_Instructions for the task_:
Once the line holding "Jeune femme parfumeur" is found in the entries below, transcribe exactly every line up to and including the one holding "blue ink dissolving in water", but leave out the pictures.

Records excerpted from a collection
────────────────────

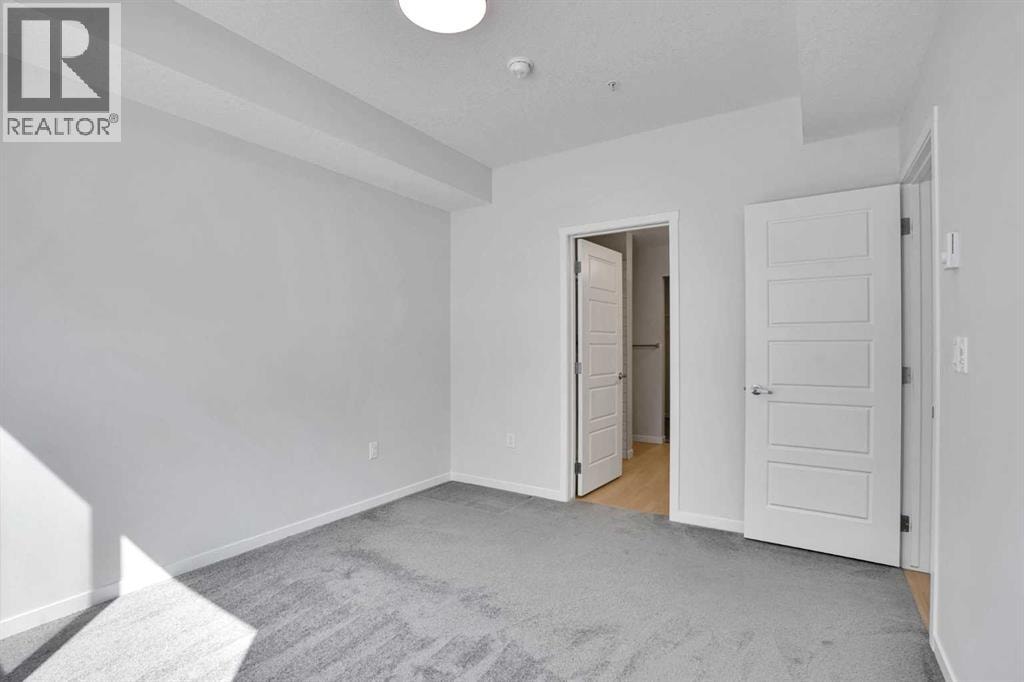 1102, 33 Carringham Gate NW — photo 21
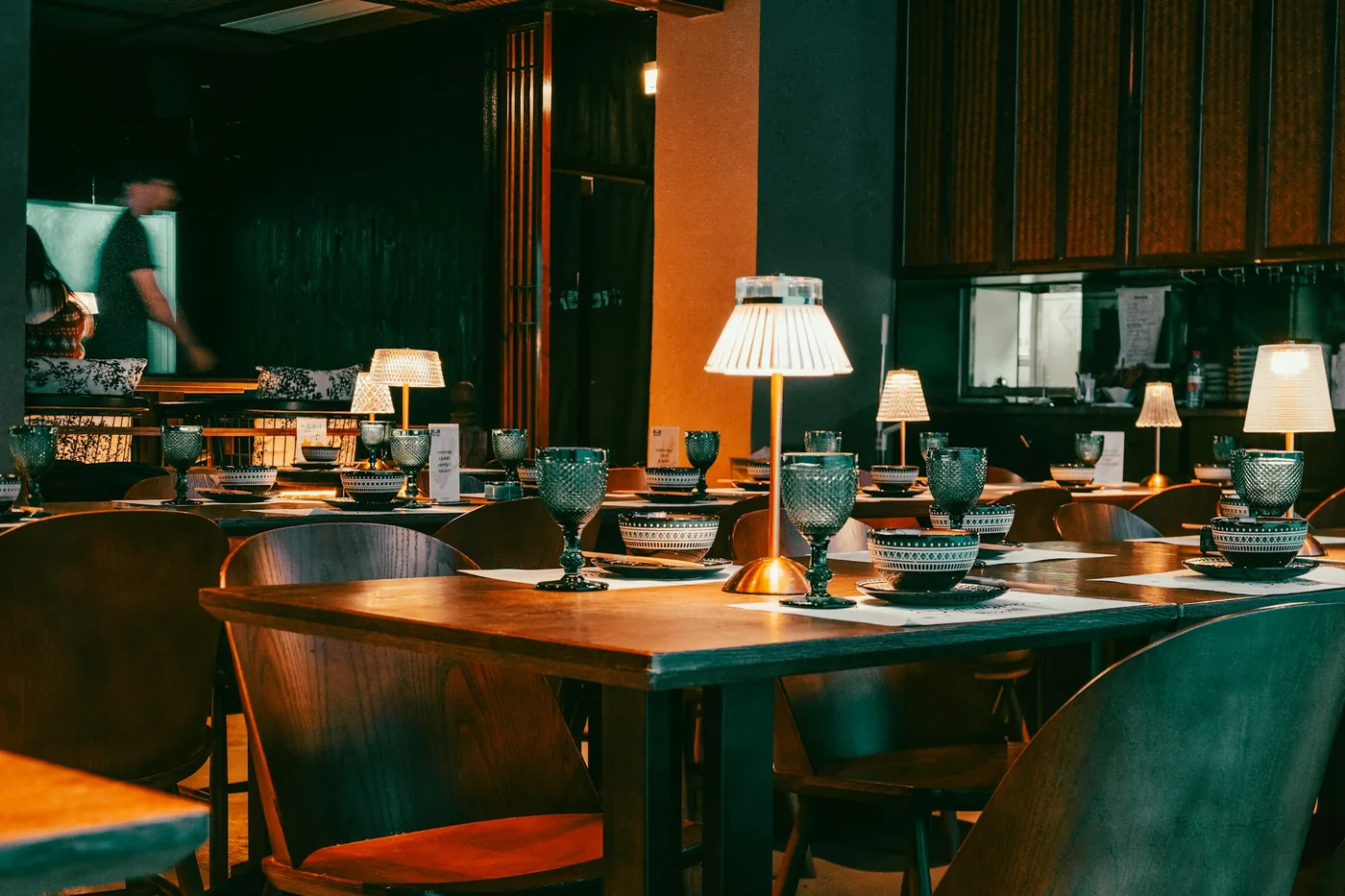 Warmly lit restaurant dining room in the evening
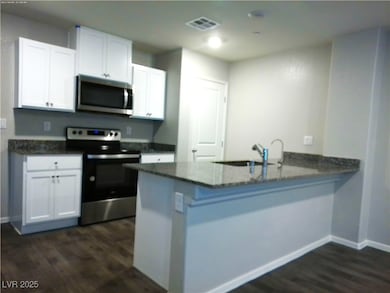 Kitchen with stainless steel appliances, dark wood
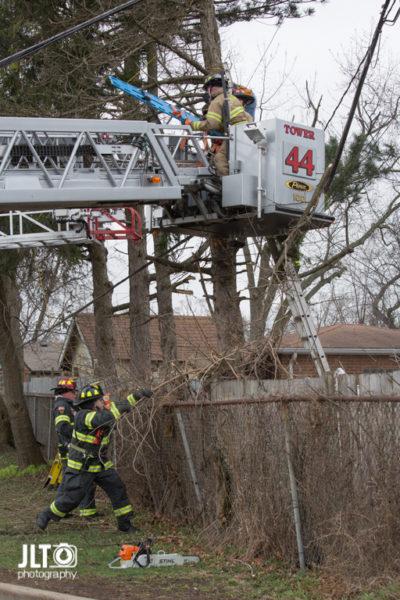 firefighters remove patient in tower ladder platform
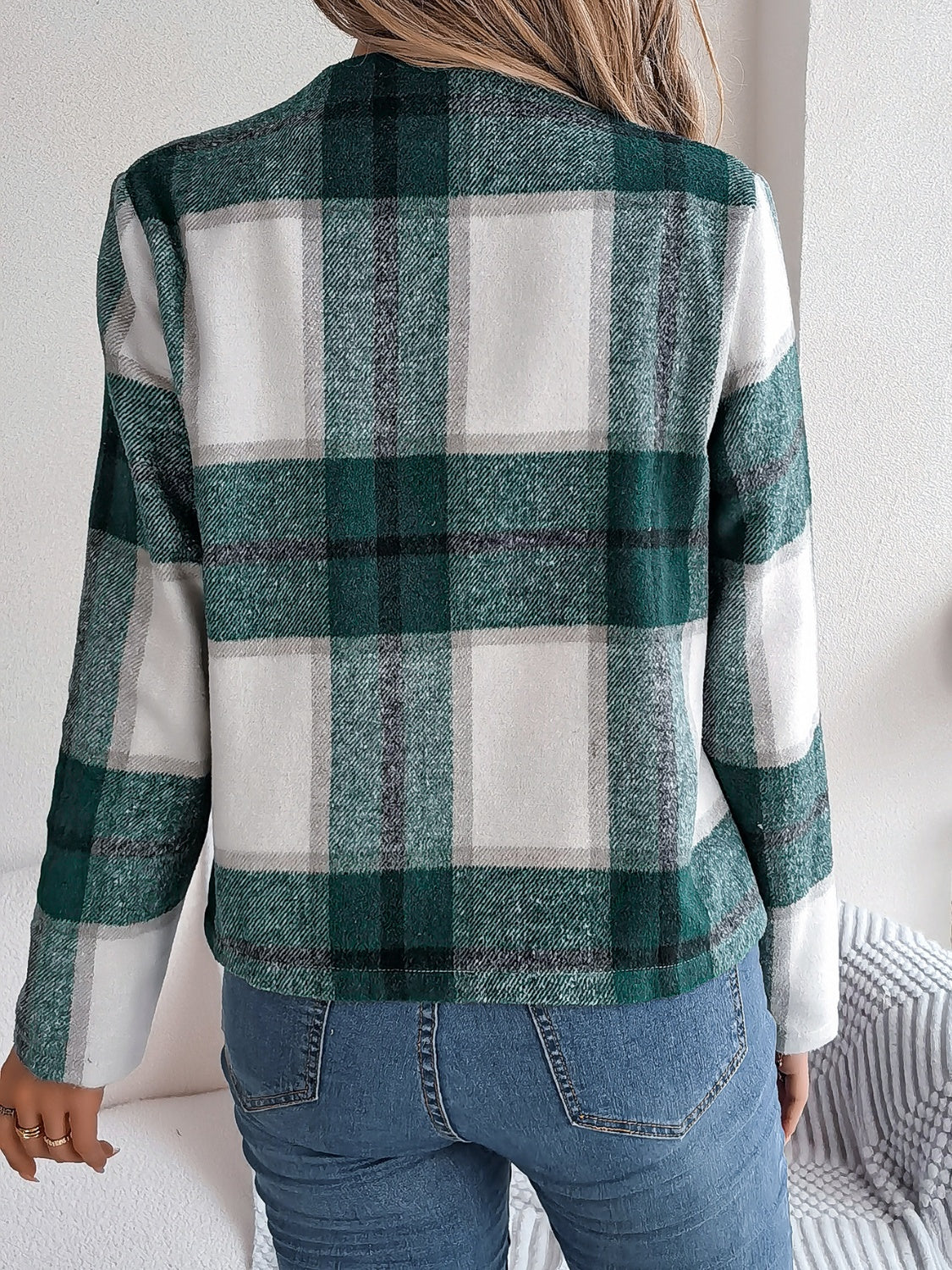 Collarless plaid cropped jacket in dark green with white and grey accents.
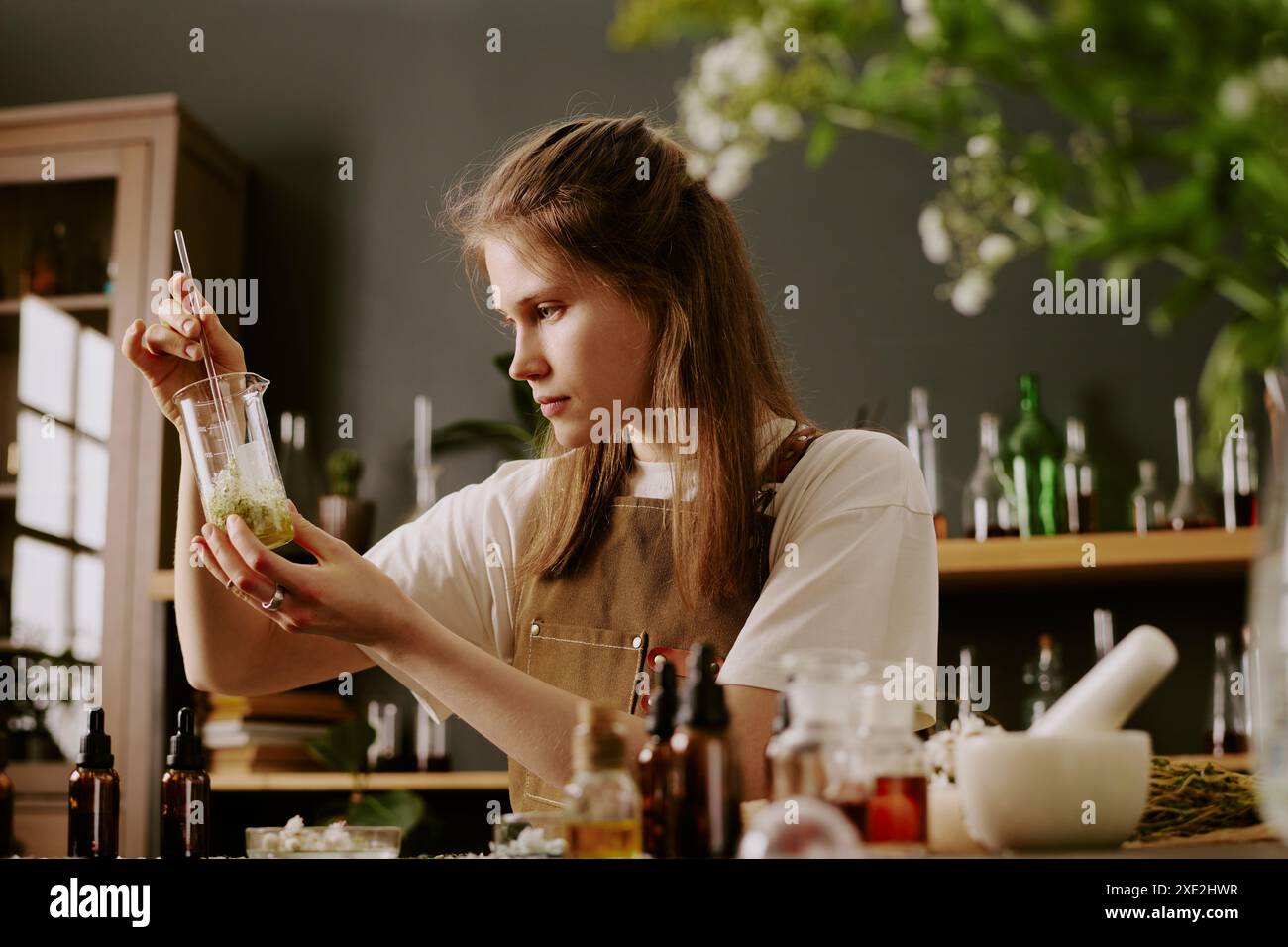 Jeune femme parfumeur assise au bureau de travail avec des articles d'artisanat de parfum et admirant le liquide doré avec des pétales de fleurs sauvages pendant qu'elle le mélange Banque D'Images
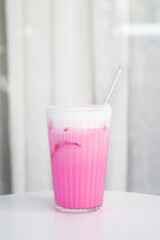 a glass of ice sweet pink milk Thai Nom Yen or Thai milk on white table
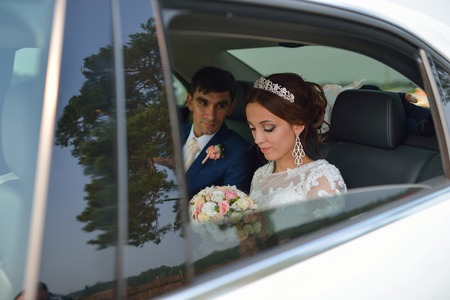 Happy romantic newlyweds, bride and groom sitting in wedding car.の写真素材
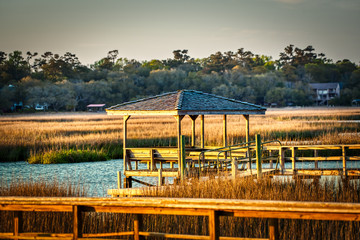 A covered dock on a creek in a salt-marsh in the low country of South Carolina.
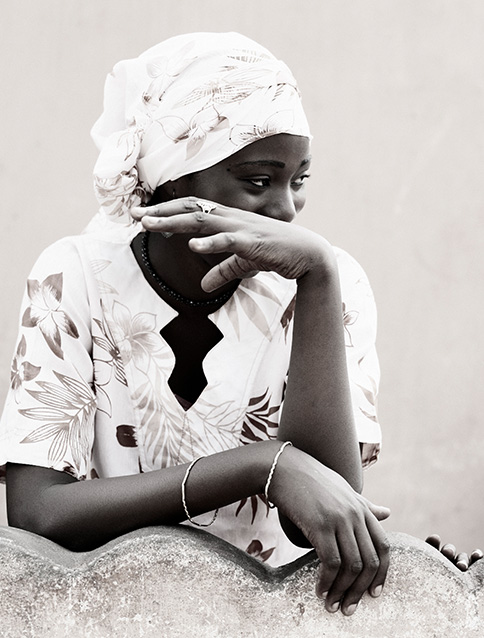 Portrait of a black woman with white clothes 
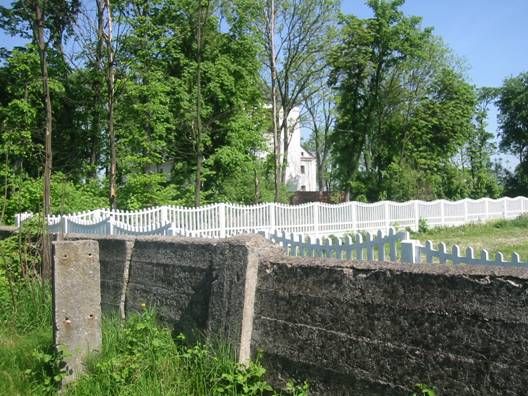Cement fence of it, in the background: Bocki church. May 2005.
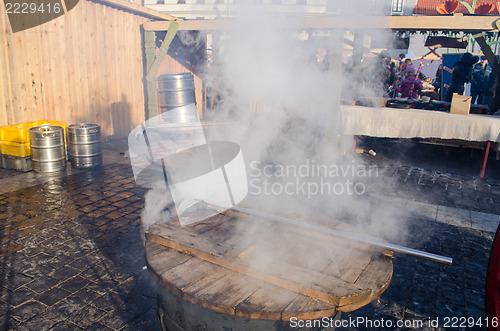 Image of people hot drink wine big pot smoke fair market 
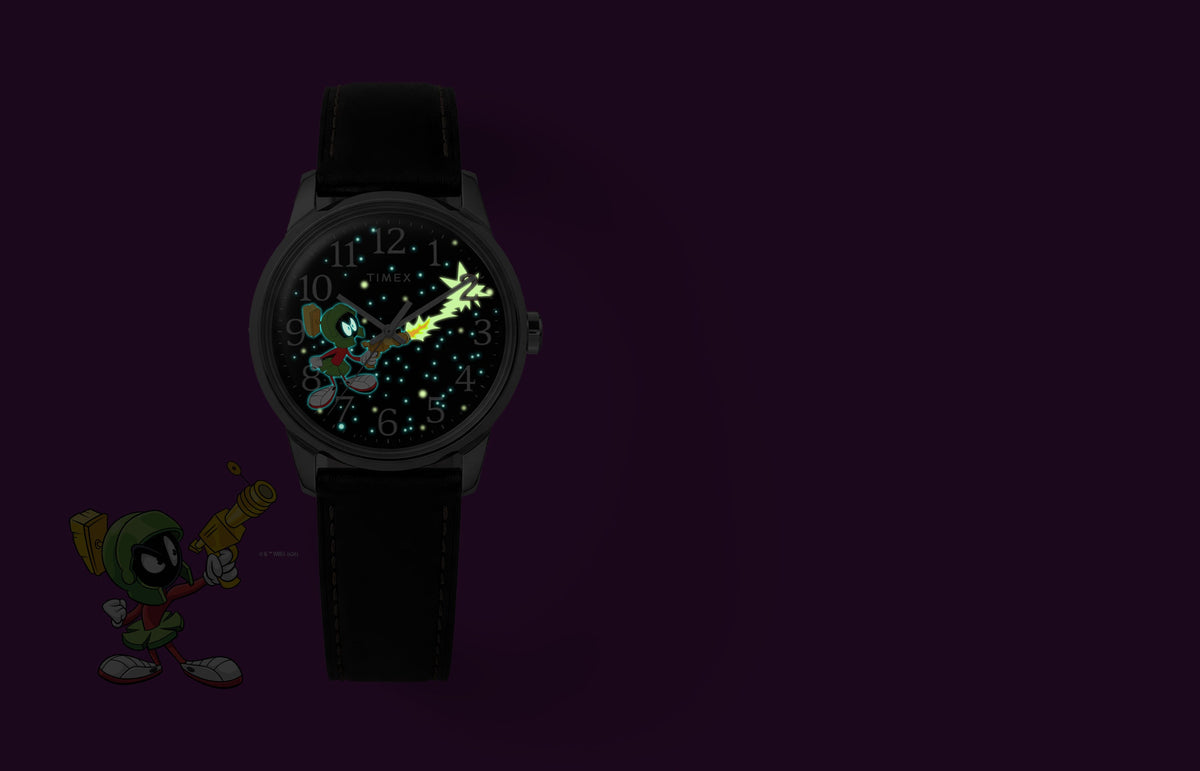TW2Y99300 Marvin the Martian x Timex Easy Reader® watch with glowing stars, character details, and a ray-gun blast beside Marvin artwork.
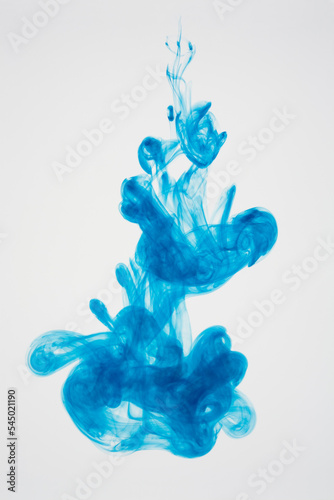 blue ink dissolving in water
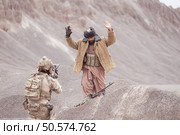 A Taliban soldier stands with a machine gun, Raise hands in surrender to the allied soldiers, In the desert mountain terrain battlefield. Стоковое фото, агентство Ingram Publishing / Фотобанк Лори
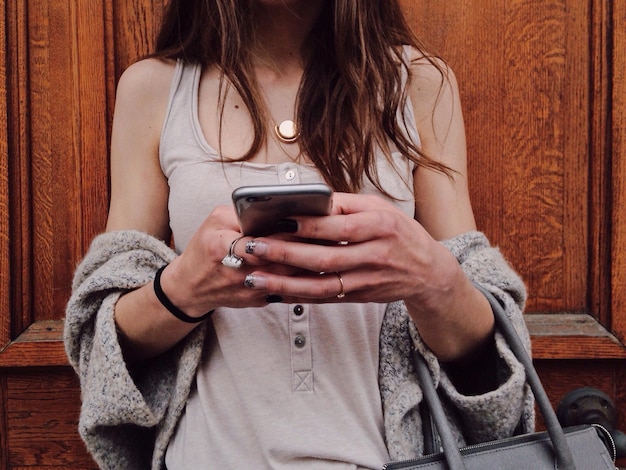 Mittelabschnitt einer Frau, die ein Handy benutzt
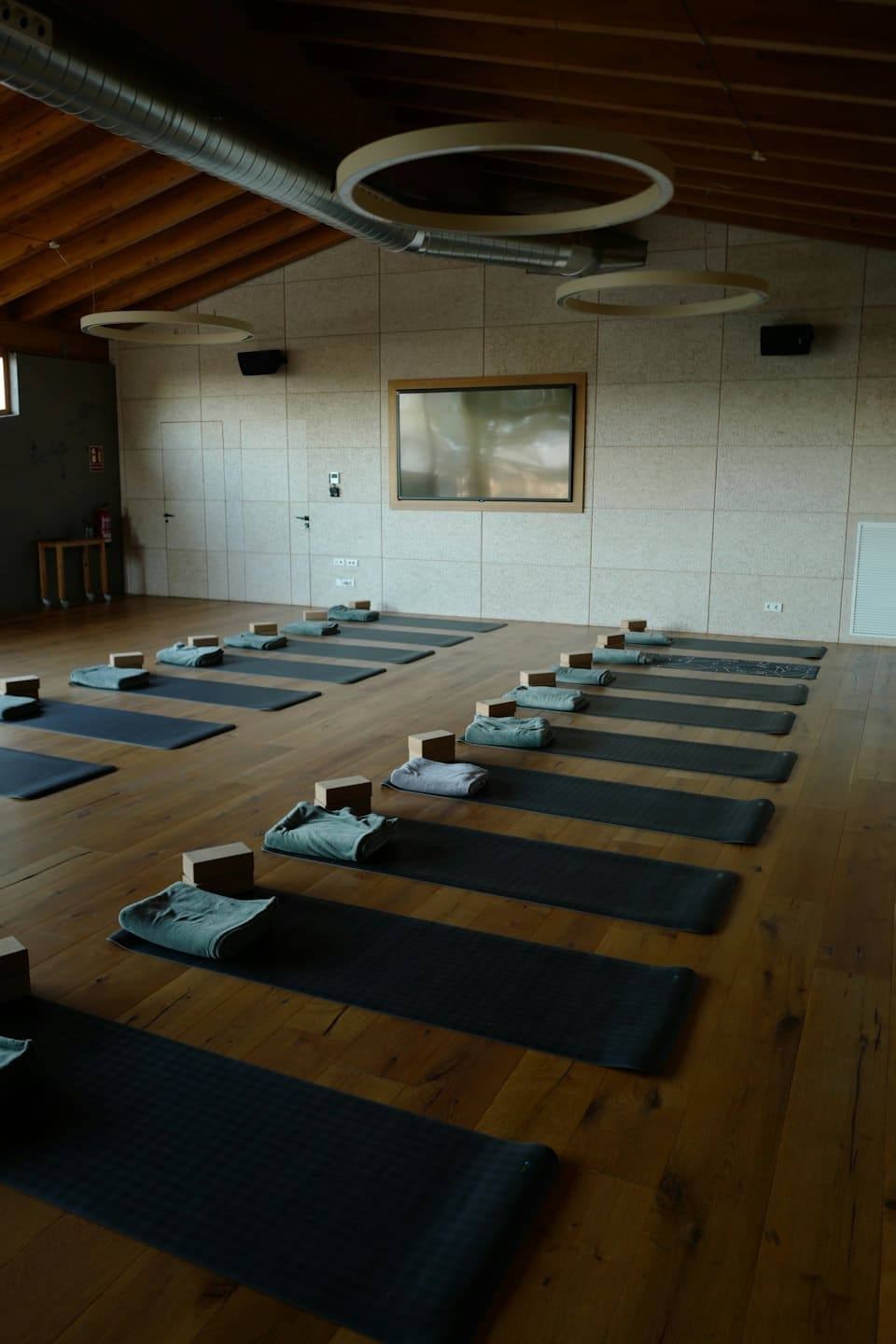 Yoga studio with mats, blocks, and towels arranged neatly.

────────────────────

_Result of this task_:
 Jeune femme parfumeur assise au bureau de travail avec des articles d'artisanat de parfum et admirant le liquide doré avec des pétales de fleurs sauvages pendant qu'elle le mélange Banque D'Images
 a glass of ice sweet pink milk Thai Nom Yen or Thai milk on white table
 Happy romantic newlyweds, bride and groom sitting in wedding car.の写真素材
 A covered dock on a creek in a salt-marsh in the low country of South Carolina.
 Portrait of a black woman with white clothes 
Cement fence of it, in the background: Bocki church. May 2005.
 Image of people hot drink wine big pot smoke fair market 
TW2Y99300 Marvin the Martian x Timex Easy Reader® watch with glowing stars, character details, and a ray-gun blast beside Marvin artwork.
 blue ink dissolving in water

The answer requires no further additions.